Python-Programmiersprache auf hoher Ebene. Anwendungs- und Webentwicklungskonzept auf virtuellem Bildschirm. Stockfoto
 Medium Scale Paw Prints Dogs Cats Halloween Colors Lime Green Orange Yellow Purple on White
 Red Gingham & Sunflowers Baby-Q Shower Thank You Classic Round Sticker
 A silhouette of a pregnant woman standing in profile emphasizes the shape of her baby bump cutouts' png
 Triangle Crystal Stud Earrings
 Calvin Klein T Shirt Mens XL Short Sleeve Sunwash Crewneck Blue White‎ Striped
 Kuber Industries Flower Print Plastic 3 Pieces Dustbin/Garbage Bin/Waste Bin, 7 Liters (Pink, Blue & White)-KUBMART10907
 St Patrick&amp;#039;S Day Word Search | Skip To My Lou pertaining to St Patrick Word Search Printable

Exercise goal: Check the records above and copy each line that has the string "White".

The answer:
 Medium Scale Paw Prints Dogs Cats Halloween Colors Lime Green Orange Yellow Purple on White
 Calvin Klein T Shirt Mens XL Short Sleeve Sunwash Crewneck Blue White‎ Striped
 Kuber Industries Flower Print Plastic 3 Pieces Dustbin/Garbage Bin/Waste Bin, 7 Liters (Pink, Blue & White)-KUBMART10907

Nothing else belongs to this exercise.